What to produce: From the line containing "Amazon.co.jp: かわいい 桃 フルーツ型 座布団 椅子クッション 厚い" to the end of the records below, output each line exactly; include both ends and nothing else.

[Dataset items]
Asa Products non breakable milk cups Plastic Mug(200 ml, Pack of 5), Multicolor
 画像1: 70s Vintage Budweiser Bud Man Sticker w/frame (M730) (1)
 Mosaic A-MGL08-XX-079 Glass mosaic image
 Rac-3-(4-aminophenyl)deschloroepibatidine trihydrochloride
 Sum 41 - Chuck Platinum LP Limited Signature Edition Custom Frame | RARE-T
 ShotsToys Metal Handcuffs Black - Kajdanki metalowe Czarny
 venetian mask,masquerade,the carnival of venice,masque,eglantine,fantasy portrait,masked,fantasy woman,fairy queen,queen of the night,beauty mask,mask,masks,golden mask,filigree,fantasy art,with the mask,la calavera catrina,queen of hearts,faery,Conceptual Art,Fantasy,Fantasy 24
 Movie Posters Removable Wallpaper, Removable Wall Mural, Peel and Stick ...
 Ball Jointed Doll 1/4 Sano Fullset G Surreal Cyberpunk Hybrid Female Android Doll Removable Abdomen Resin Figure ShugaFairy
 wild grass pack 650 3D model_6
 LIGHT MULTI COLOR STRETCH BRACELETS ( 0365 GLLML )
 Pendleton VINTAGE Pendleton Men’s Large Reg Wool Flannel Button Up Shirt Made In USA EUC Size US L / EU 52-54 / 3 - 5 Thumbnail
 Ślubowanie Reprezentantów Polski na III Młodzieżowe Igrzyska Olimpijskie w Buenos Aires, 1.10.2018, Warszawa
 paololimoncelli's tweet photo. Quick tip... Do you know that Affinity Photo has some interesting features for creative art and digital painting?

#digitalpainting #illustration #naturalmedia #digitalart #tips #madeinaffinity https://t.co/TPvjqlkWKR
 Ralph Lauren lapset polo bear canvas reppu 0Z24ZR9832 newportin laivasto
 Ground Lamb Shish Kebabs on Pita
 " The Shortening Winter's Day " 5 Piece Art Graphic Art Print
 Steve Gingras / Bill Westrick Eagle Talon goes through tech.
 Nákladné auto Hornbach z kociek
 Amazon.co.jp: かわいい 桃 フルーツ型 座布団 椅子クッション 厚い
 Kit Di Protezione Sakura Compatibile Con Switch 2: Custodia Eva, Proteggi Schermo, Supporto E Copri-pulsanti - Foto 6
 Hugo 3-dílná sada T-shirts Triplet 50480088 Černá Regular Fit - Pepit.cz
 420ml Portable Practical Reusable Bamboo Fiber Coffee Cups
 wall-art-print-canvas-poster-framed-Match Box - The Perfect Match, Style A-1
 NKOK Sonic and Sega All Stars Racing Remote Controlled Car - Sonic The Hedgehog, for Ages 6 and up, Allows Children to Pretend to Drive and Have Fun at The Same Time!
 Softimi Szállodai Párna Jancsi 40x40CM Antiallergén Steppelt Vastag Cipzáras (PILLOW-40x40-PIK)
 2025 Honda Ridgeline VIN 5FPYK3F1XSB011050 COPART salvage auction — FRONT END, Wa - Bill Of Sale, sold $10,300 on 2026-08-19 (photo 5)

Result of the exercise:
 Amazon.co.jp: かわいい 桃 フルーツ型 座布団 椅子クッション 厚い
 Kit Di Protezione Sakura Compatibile Con Switch 2: Custodia Eva, Proteggi Schermo, Supporto E Copri-pulsanti - Foto 6
 Hugo 3-dílná sada T-shirts Triplet 50480088 Černá Regular Fit - Pepit.cz
 420ml Portable Practical Reusable Bamboo Fiber Coffee Cups
 wall-art-print-canvas-poster-framed-Match Box - The Perfect Match, Style A-1
 NKOK Sonic and Sega All Stars Racing Remote Controlled Car - Sonic The Hedgehog, for Ages 6 and up, Allows Children to Pretend to Drive and Have Fun at The Same Time!
 Softimi Szállodai Párna Jancsi 40x40CM Antiallergén Steppelt Vastag Cipzáras (PILLOW-40x40-PIK)
 2025 Honda Ridgeline VIN 5FPYK3F1XSB011050 COPART salvage auction — FRONT END, Wa - Bill Of Sale, sold $10,300 on 2026-08-19 (photo 5)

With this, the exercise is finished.